Wetting the whistle: neurotropic factor improves salivary function

Adam Swick1 and Randall J. Kimple1,2

1Department of Human Oncology and 2Carbone Comprehensive Cancer Center, School of Medicine and Public Health, University of Wisconsin, Madison, Wisconsin, USA.

Address correspondence to: Randall J. Kimple, Department of Human Oncology, Carbone Comprehensive Cancer Center, School of Medicine and Public Health, University of Wisconsin, Madison, Wisconsin 53705, USA. Phone: 608.265.9156; E-mail: rkimple@humonc.wisc.edu.

First published July 18, 2014

Xerostomia, or dry mouth, is a common side effect of head and neck radiotherapy, Sjögren syndrome, diabetes, old age, and numerous medications. In this issue of the JCI, Xiao and colleagues identified glial cell line–derived neurotrophic factor (GDNF) as a potential stimulus for salivary stem cell growth. Due to its ability to promote neuronal growth, differentiation, and survival, GDNF is currently being used in clinical trials as a treatment for Parkinson disease; therefore, the findings of Xiao and colleagues may initiate a potential treatment for the millions of patients who suffer from xerostomia each year.

See the related article beginning on page 3364.

Multiple causes of a dry mouth

Dry mouth, or xerostomia, is the result of inadequate salivary function and subsequent inability to keep the mouth moist and properly lubricated. Chronic xerostomia can dramatically affect a patient’s quality of life, as it leads to difficulty chewing, eating, swallowing, and speaking. Furthermore, the reduction of important salivary enzymes, which aid in initial digestion of food, can result in dysgeusia (i.e., altered taste) in xerostomia sufferers. Oral health problems, including oral candidiasis, periodontal disease, and tooth decay, can also arise as a consequence of long-term xerostomia. While most individuals experience occasional xerostomia as a result of stress or anxiety, this short-term symptom only affects patients for a finite time period. Unfortunately, a subset of people suffer from chronic xerostomia as the result of medications, such as antihypertensives, antidepressants, antihistamines, and diuretics, among others, as well as diabetes, Parkinson disease, Sjögren syndrome, and as a side effect of head and neck radiotherapy (1).

Each year in the US, 40,000 patients are diagnosed with head and neck cancer, and many of these patients are treated with radiotherapy at some point during their care. While older, 3D conformal radiation results in long-term xerostomia in up to 80% of patients, use of intensity-modulated radiotherapy (IMRT) can decrease the xerostomia rate to 20% to 30% (2). Patients left with radiation-induced xerostomia can develop compromised dentition, impaired swallowing ability, and difficulty speaking. For patients that develop xerostomia, the associated symptoms can have a major negative impact on the overall quality of life and hinder the recovery process.

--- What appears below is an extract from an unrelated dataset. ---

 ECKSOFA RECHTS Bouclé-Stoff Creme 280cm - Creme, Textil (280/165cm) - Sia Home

Importantly, xerostomia potentially affects a much larger cohort of patients who have one of several chronic illnesses. Over one million patients per year in the United States suffer from Sjögren syndrome and other associated autoimmune disorders; many of these experience xerostomia symptoms. (1). There is also evidence that patients with poorly controlled diabetes frequently suffer from xerostomia. The incidence of diabetes has reached near epidemic proportions in the United States with over 25 million diagnosed cases, and more than 10% of diabetics may suffer from extreme hyposalivation (defined by a resting salivary flow rate < 0.01 ml/min). Many more diabetic patients complain of dry mouth or difficulty swallowing, which are typical of milder xerostomia (3).

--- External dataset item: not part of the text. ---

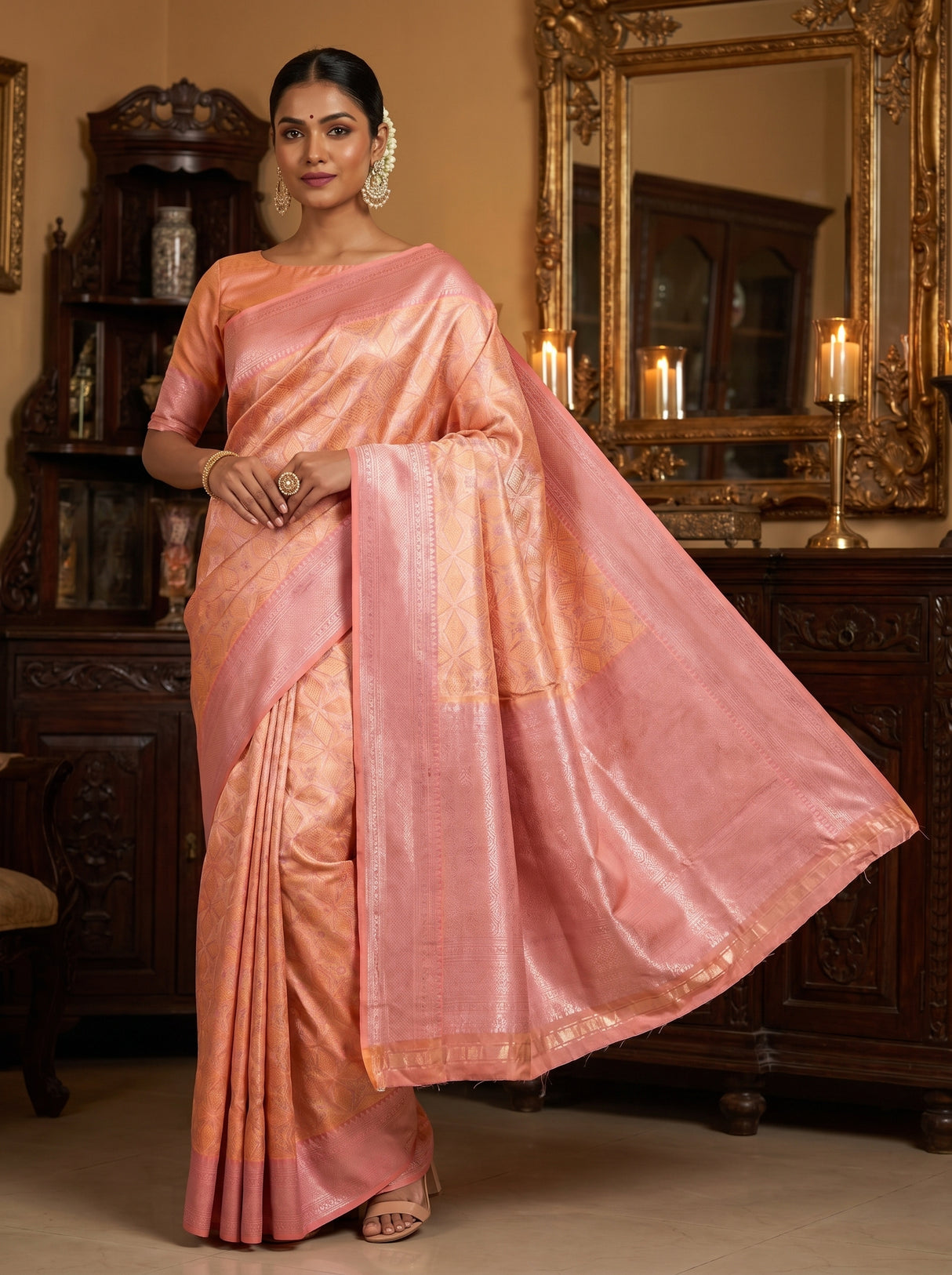 MIMOSA Peach Kanjivaram Art Silk Saree — full view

Finally, a plethora of commonly prescribed mediations can result in xerostomia. While the exact number of patients who suffer from medication-induced xerostomia is not known, the widespread use of medications that promote xerostomia suggests that a significant number of patients are affected by this condition.

Current treatment options

Treatment options for radiation-induced xerostomia focus on avoiding or ameliorating damage to the major salivary glands (Table 1). IMRT uses multiple beams and modulates intensity to limit the dose of radiation to the parotid or submandibular glands. Surgical transposition of the submandibular glands has also been used to move a gland out of the radiation field during the course of radiotherapy and return the gland once radiation therapy is complete (4, 5). The pharmacologic agent amifostine is used to mitigate the effects of radiation and must be delivered daily via i.v. injection throughout the course of radiotherapy. Unfortunately, amifostine only provides modest benefits, but causes substantial side effects (6, 7).

Table 1

Current treatments for xerostomia

Treatments for symptomatic xerostomia are generally supportive in nature. For example, patients are encouraged to increase water consumption by keeping a water bottle present at all times and to specially prepare food to aid swallowing (8). Several pharmacologic treatments are available to increase salivary production in patients with normal salivary acinar structure. Pilocarpine is a nonselective muscarinic receptor agonist that stimulates the secretion of saliva and sweat (9), and salivary substitutes are marketed by several companies, such as Biotene, which produces a sodium monofluorophosphate–containing line of oral care products. While these products successfully relieve xerostomia symptoms in some patients, controlled clinical studies reveal mixed responses (10, 11). The primary limitation of these approaches is that they fail to address the underlying cause of xerostomia in many patients, inadequate or malfunctioning salivary cells.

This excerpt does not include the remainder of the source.